───── Exercise inputs

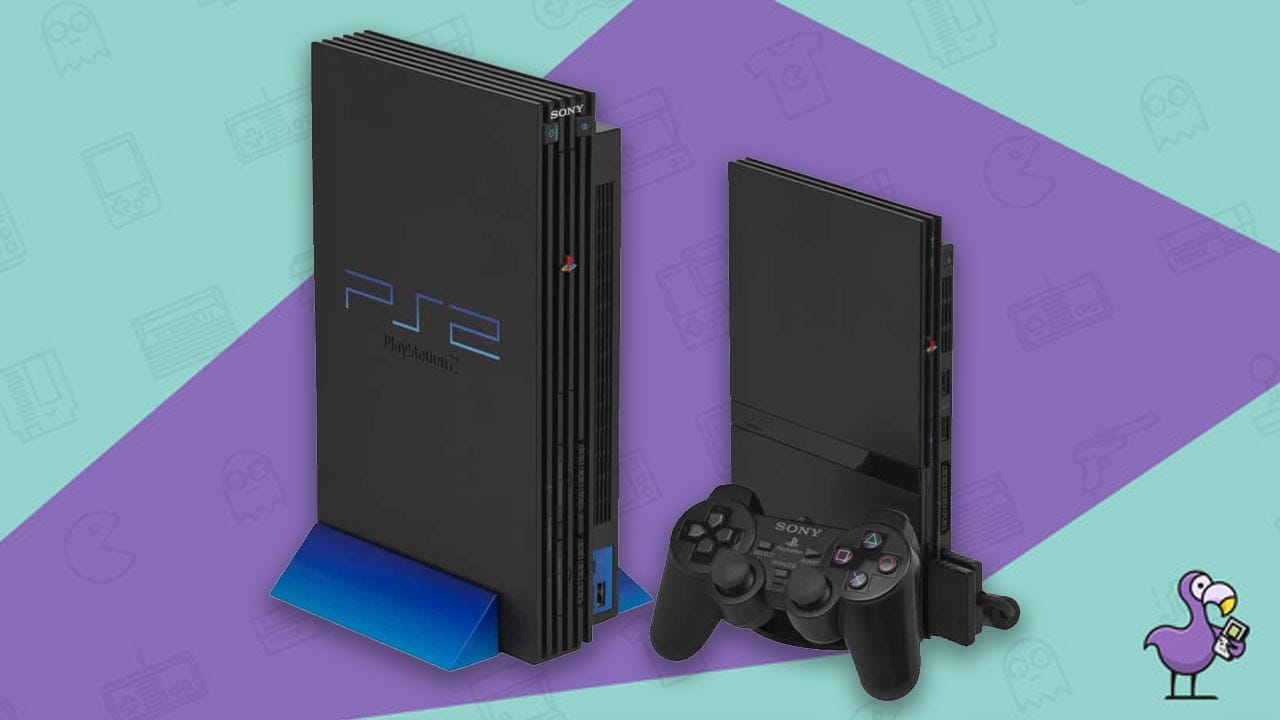 PS2 Fat VS PS2 Slim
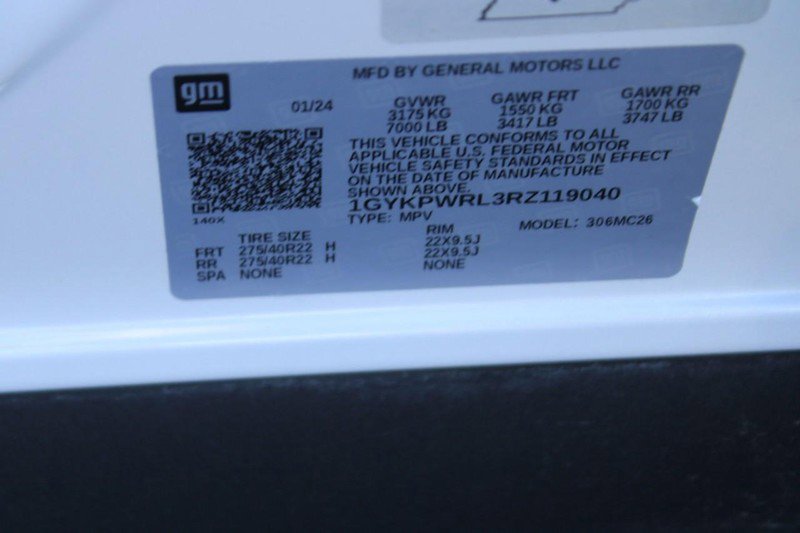 Used 2024 Cadillac Lyriq Sport image 18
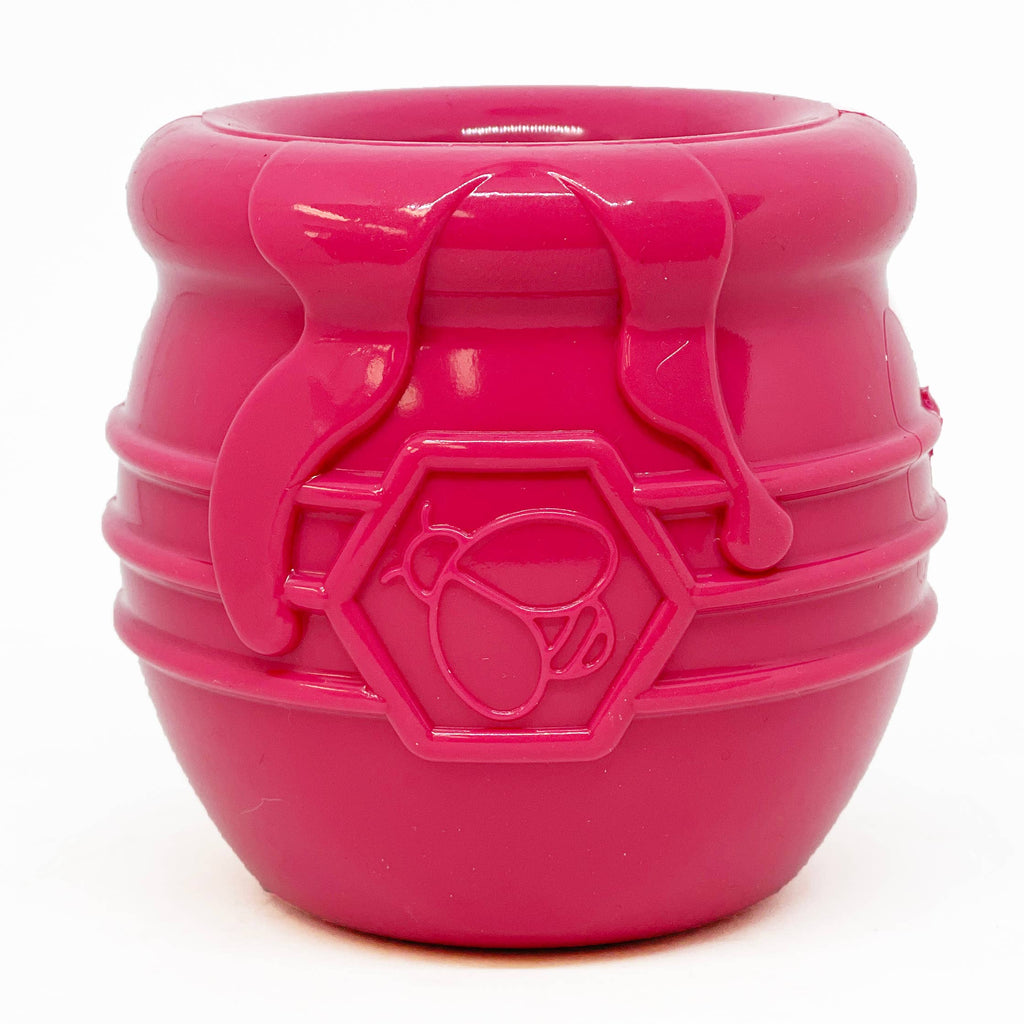 PUP-X Honey Pot Treat Dispenser: Blue / Large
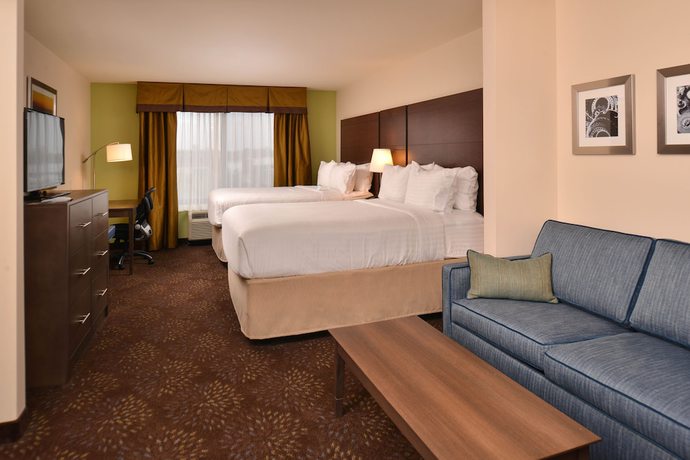 Imagen de la habitación del Hotel Holiday Inn Express And Suites Dearborn Sw - Detroit Area, An Ihg. Foto 13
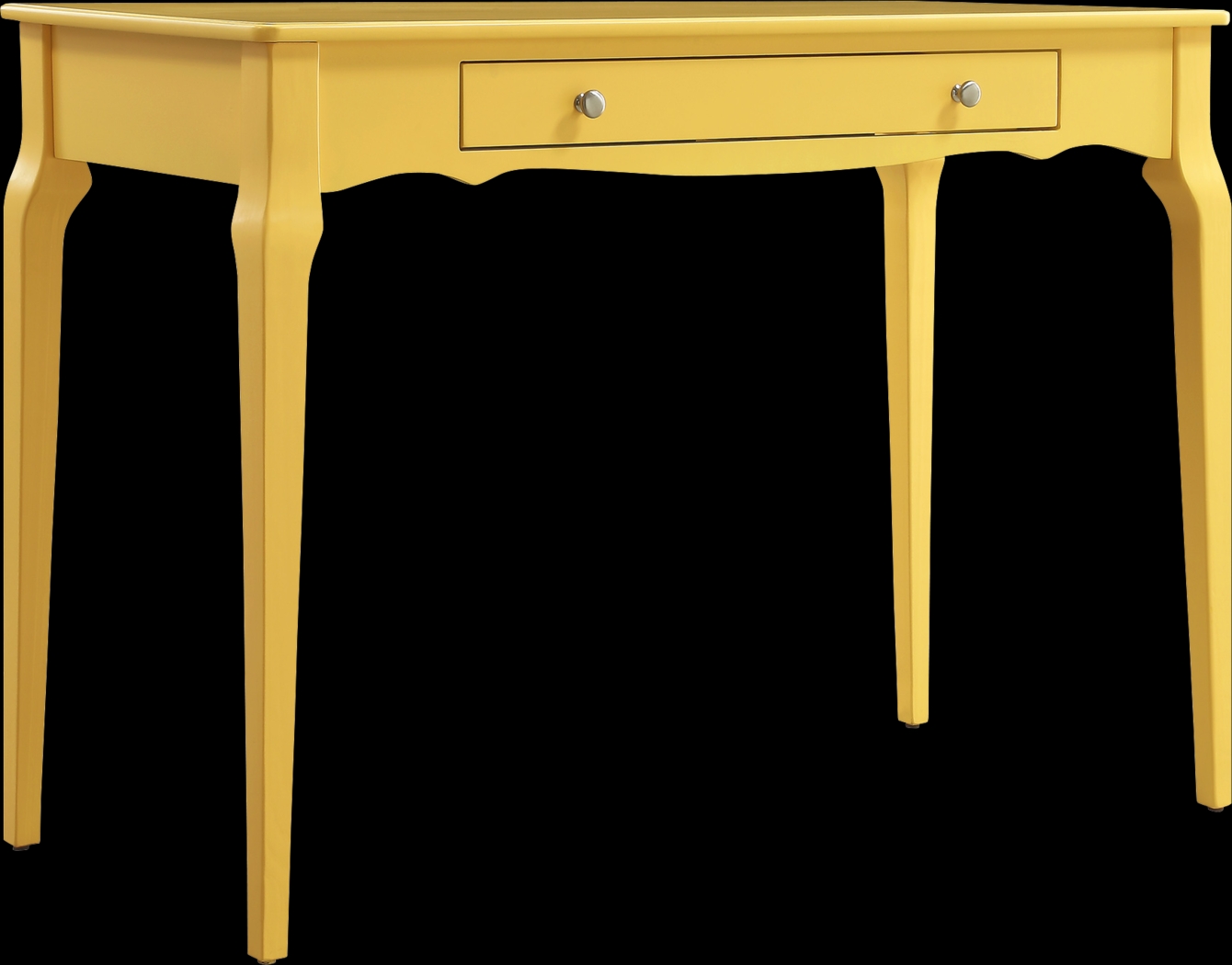 Tullia Yellow Desk - Thumbnail - Image 1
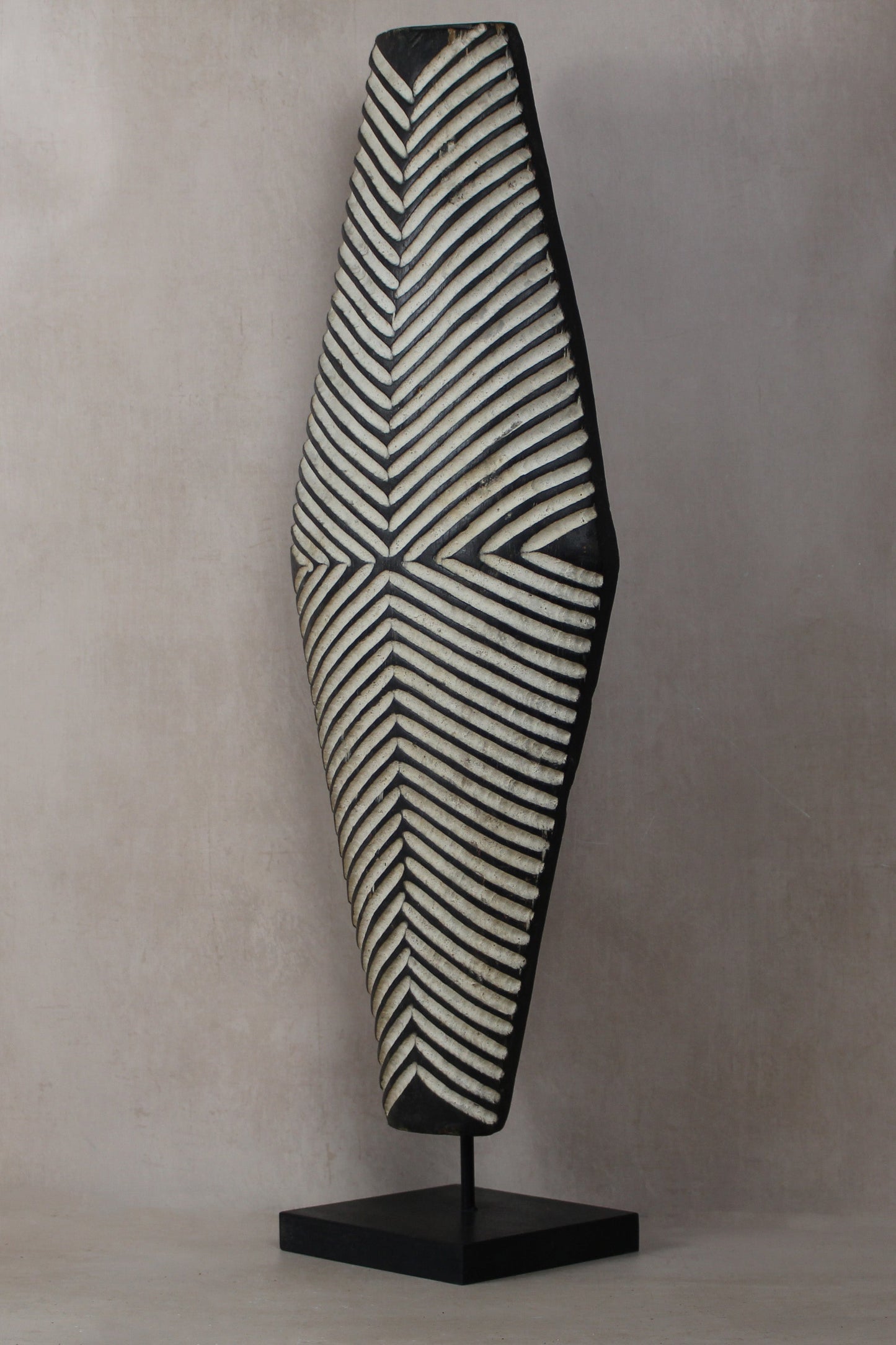 Bamun Shield Oblong - Cameroon - 190.1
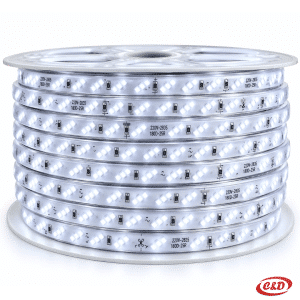 Bijela LED traka s bijelim osvjetljenjem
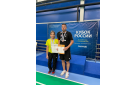 Гульмира и Михаил Гонобины стали призерами Кубка России в парных разрядах!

──────────

[Task objective]: Pick up at the line that holds "Used 2024 Cadillac Lyriq Sport image 18" and restate each line, word for word, through the last line of the entries. Include both end lines but none of the pictures.

[Task answer]:
 Used 2024 Cadillac Lyriq Sport image 18
 PUP-X Honey Pot Treat Dispenser: Blue / Large
 Imagen de la habitación del Hotel Holiday Inn Express And Suites Dearborn Sw - Detroit Area, An Ihg. Foto 13
 Tullia Yellow Desk - Thumbnail - Image 1
 Bamun Shield Oblong - Cameroon - 190.1
 Bijela LED traka s bijelim osvjetljenjem
 Гульмира и Михаил Гонобины стали призерами Кубка России в парных разрядах!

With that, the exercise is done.